Fractured Bonds
The knock at the door was hesitant but firm.
Sam Wilson frowned slightly as he wiped his hands on a dish towel, setting down the pan he had been using to cook breakfast. He wasn’t expecting company. The weight in his gut told him exactly who it might be.
When he opened the door, his expression barely had time to shift before three familiar figures stepped inside, looking like they had been through hell.
Steve Rogers, face set in grim determination. Natasha Romanoff, clutching her wounded shoulder but eyes sharp as ever. And a woman Sam didn’t know personally, but whose presence was immediately striking. Celeste Astra Vale. He’d seen her name in reports—another soldier out of time, another ghost in the modern world.
“You guys look like you could use a place to stay,” Sam said after a beat, stepping aside.
Natasha gave him a tired smirk as she moved past him. “You have no idea.”
Celeste followed, scanning the room as if she was assessing every exit point. Steve hesitated only a moment before clapping Sam’s shoulder. “We appreciate this.”
Sam shut the door behind them. “Come on. I’ll get the first-aid kit.”
The apartment was small but homey, and for the first time in what felt like days, they could breathe. Natasha sat on the couch, carefully dabbing antiseptic over the wound in her shoulder. Steve stood near the window, hands on his hips, eyes distant in thought. Celeste paced slowly, gaze flickering between them, as if she was holding something back.
“I can’t believe it,” Natasha muttered under her breath. “S.H.I.E.L.D. was supposed to be the shield.
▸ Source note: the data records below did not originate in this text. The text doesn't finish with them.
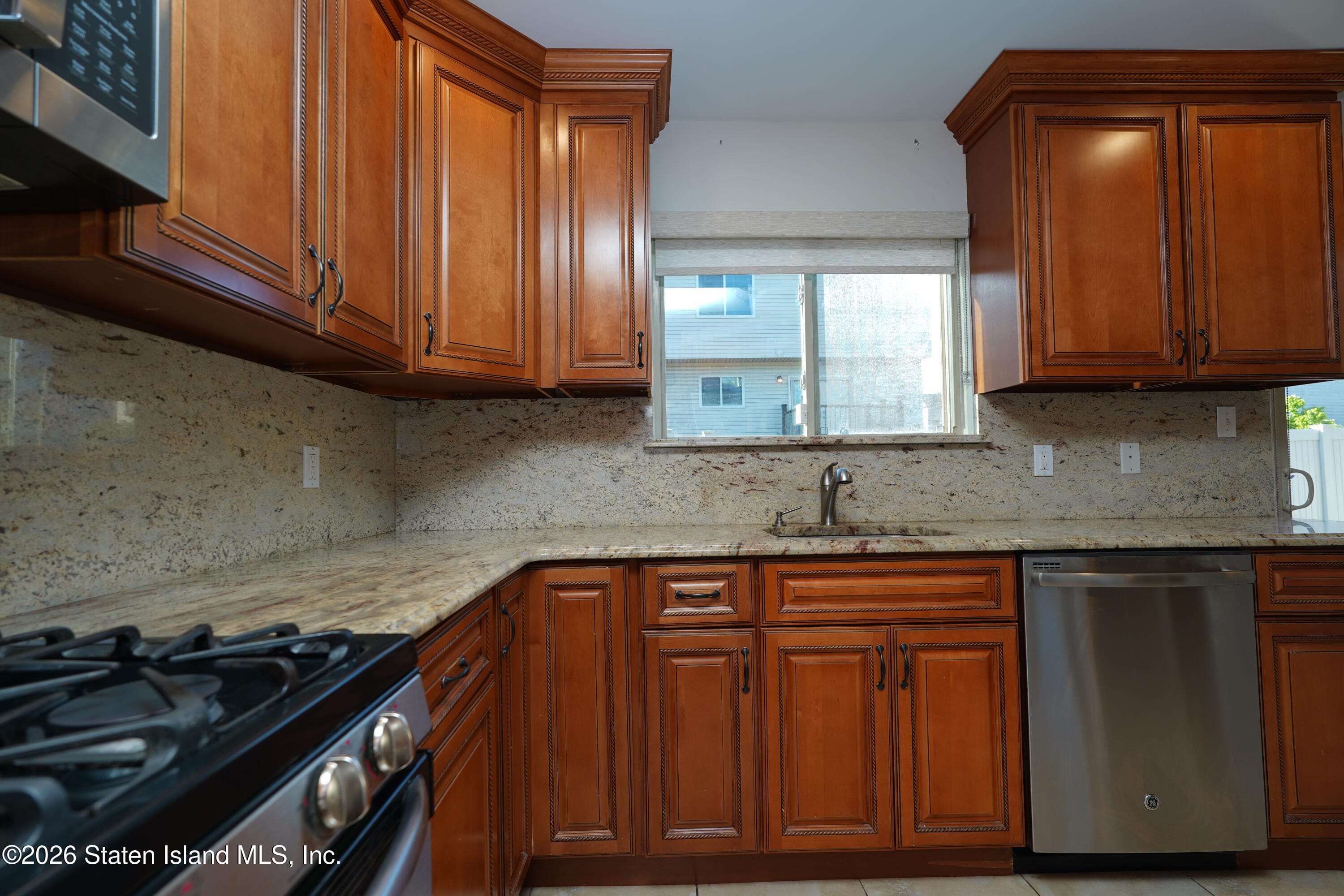 66 Plumtree Lane, Staten Island, NY, 10309 image 18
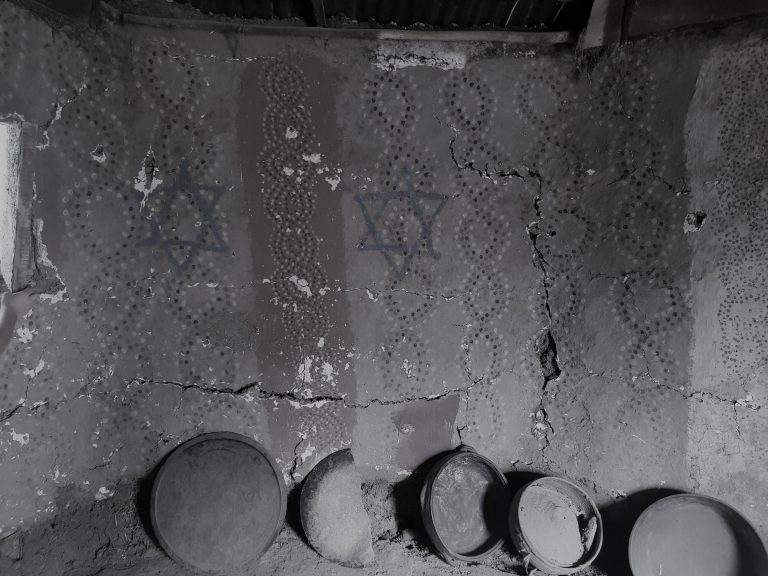 עיטורי קיר בסלון בית, בכפר וולקה, אתיופיה. צילום:רונן לוי.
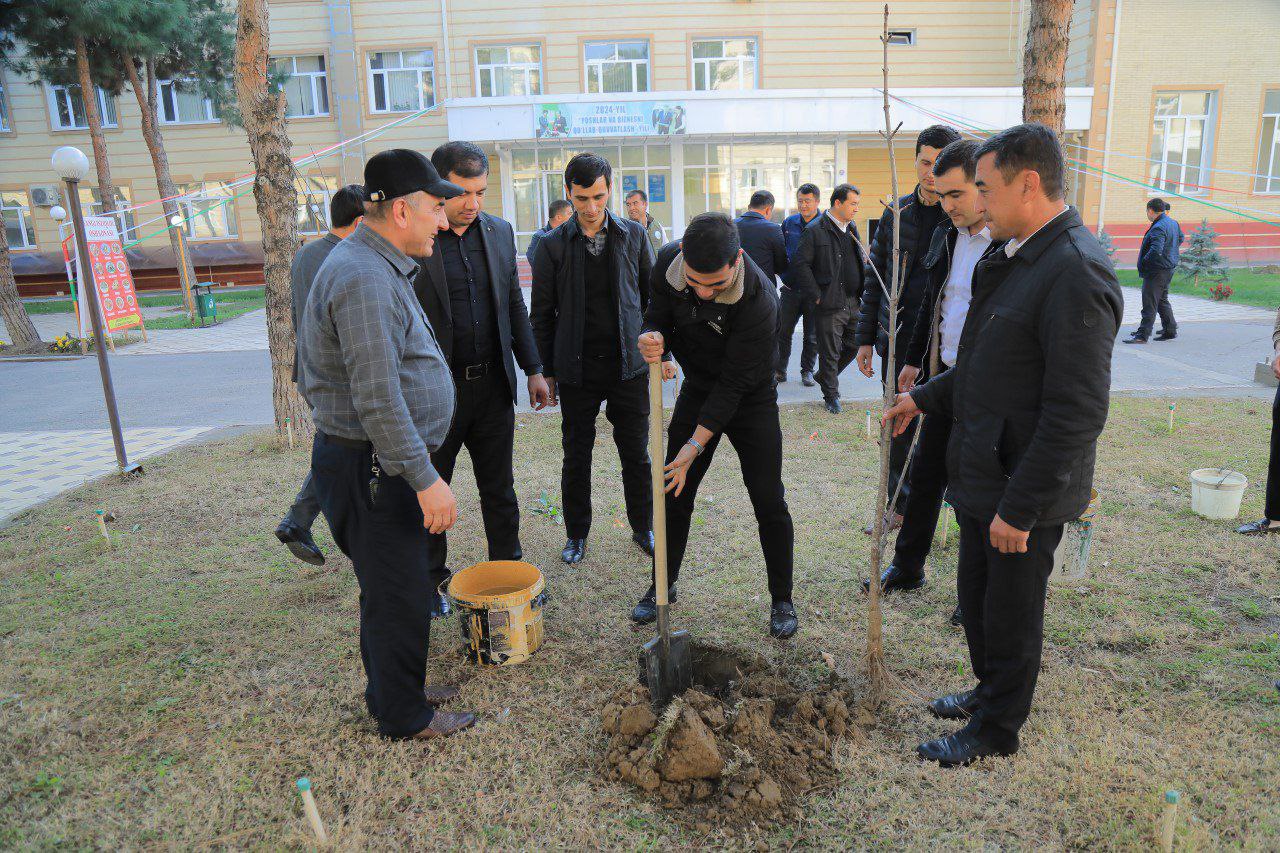 "Yashil makon" loyihasi doirasida institut prorektorlari, professor-oʻqituvchilari, xodimlar hamda talaba-yoshlar faol ishtirok etishdi.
Instead, it was the knife in our backs the entire time.”
Steve exhaled sharply, his fingers curling into fists at his sides. “We have to stop them.”
Celeste finally spoke, her voice quiet but steady. “Then we start with what we know.”
The morning passed in a rare moment of calm. Sam, ever the gracious host, had whipped up eggs and toast, setting the plates down in front of them like it was just another day. Natasha ate quietly, her sharp eyes scanning the room. Steve ate methodically, lost in thought. Celeste picked at her food, still adjusting to the sheer absurdity of sitting down for breakfast while their entire world burned around them.
Sam leaned back in his chair, looking between them. “So. You guys have a plan?”
Steve nodded. “We need to take the fight to HYDRA. But to do that, we need more information.”
Sam studied them for a moment before standing and disappearing into another room. When he returned, he dropped a file onto the table. “You’re gonna need all the help you can get.”
Celeste reached for it first, flipping it open. Inside were service records, mission reports—evidence of Sam’s past that he had never spoken about.
Steve glanced up at him. “You weren’t just a pilot.”
Sam smirked slightly. “No, I wasn’t.”
It wasn’t long before they were back on the move.
They had tracked down Jasper Sitwell, a HYDRA operative hiding in plain sight within S.H.I.E.L.D. The man was smug, confident—until Steve dangled him off the side of a rooftop. After that, he talked fast.
“Project Insight,” Sitwell gasped out, his voice trembling. “It’s not just about eliminating threats—it’s about eliminating them before they even happen.”
Steve’s grip tightened. “Who are the targets?”
Sitwell swallowed hard. “Anyone who could pose a threat to HYDRA’s new world order. Stark, Banner, even you, Rogers.” He flicked his gaze toward Celeste. “And you. A wild card. HYDRA doesn’t like wild cards.”
Celeste’s eyes darkened, but she didn’t react otherwise.
They shoved Sitwell into the backseat of a car. Sam drove, Steve sat in the front, and Natasha sat behind Steve, her arms crossed as she kept an eye on their prisoner. Celeste sat in the middle, her gaze flickering between the road ahead and Sitwell’s nervous shifting.
Sam glanced in the rearview mirror. “So, what now?”
Steve exhaled. “Now, we figure out how to stop Insight before it goes live.”
Celeste, however, felt something stir in her gut. A deep, gnawing sense of unease.
And then it hit her—something wasn’t right.